Ubatuba comes to life through co-owner Yooch Chang. He became fascinated with Acai when it was introduced to him by his now business partner. The new restaurateur can be seen most days behind the service bar, shaping and topping acai bowls for hungry customers.
The space where the defunct Mission Market was housed has been completely changed from dreary convenience store decor to airy, laidback café.
“We wanted to create an inviting and welcoming place in the style of a Brazilian café,” said Chang.
Citing the proximity of Downtown and the nearby schools, Chang saw the perfect opportunity to move in. The space features high quality wooden tables and accents, and the walls are painted in warm tones that invite relaxation. Soft Brazilian style music permeates warmly through the space, harkening back to the lower latitudes of South America.
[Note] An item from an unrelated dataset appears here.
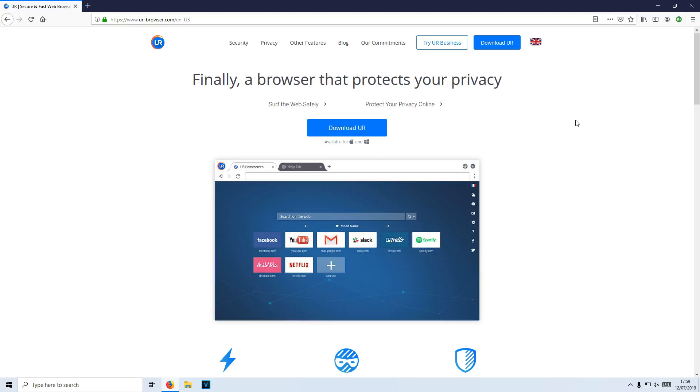It also randomizes the device information to limit the browser being identified. When you go onto different websites, basically it's going to be harder for them to identify you.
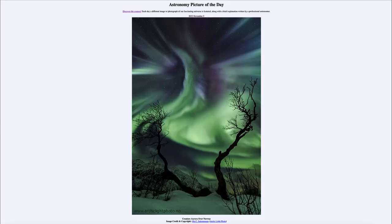Greetings and welcome to the introduction to astronomy. One of the things that I like to do in each of my introductory astronomy classes is to begin the class with the astronomy picture of the day from the NASA website, that is apod.nasa.gov/apod. Today's picture for November 5th of 2023 is titled Creature Aurora over Norway.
However, the relaxing nature of the restaurant is affected negatively by the presence of a large screen TV, which was playing Motocross highlights. Despite the intrusion of the screen, the space is still inviting.
Board games are free and accessible to patrons, encouraging groups to stay awhile. The café also features free Wi-Fi, a feature that many college students will be happy to take advantage of.
Chang opened the restaurant hoping to attract high school students due to its close proximity to Fullerton High School but noted some difficulty in doing so. “We are across the street from McDonalds and its hard to compete with their value menu,” he said.
The menu is comprised of Acai bowls, acai smoothies and empanadas. The main focus falls on the bowls. Customers can order different size servings of Acai and top it with various combinations of fruit, nuts, seeds and yogurts.
According to Chang, the Acai is served isn’t the normal runny gunk that most people are accustomed to. “Our acai is carefully sourced and we don’t mix with any artificial sweeteners or juices which results in a denser acai,” said Chang.
According to the co-owner, real Acai is not watered down, but instead is a nutritiously filling food.
The acai bowls start at $7.50 for a small, and depending on the style include several toppings. Any toppings thereafter are 75 cents each.
The empanadas are not made in house, however they are of high quality and come in an assortment of flavors. The tomato and cheese empanada was noted as a staff favorite.
“I love this place. I’ve been a fan of Acai Bowls for a long time and its nice to have one in Downtown, especially somewhere I can do my homework,” said Michael Santos, a Fullerton College student.
The restaurant is currently in its soft opening phase, with an expected grand opening coming later down the line. Current hours of operation are 9 a.m. to 6 p.m. daily.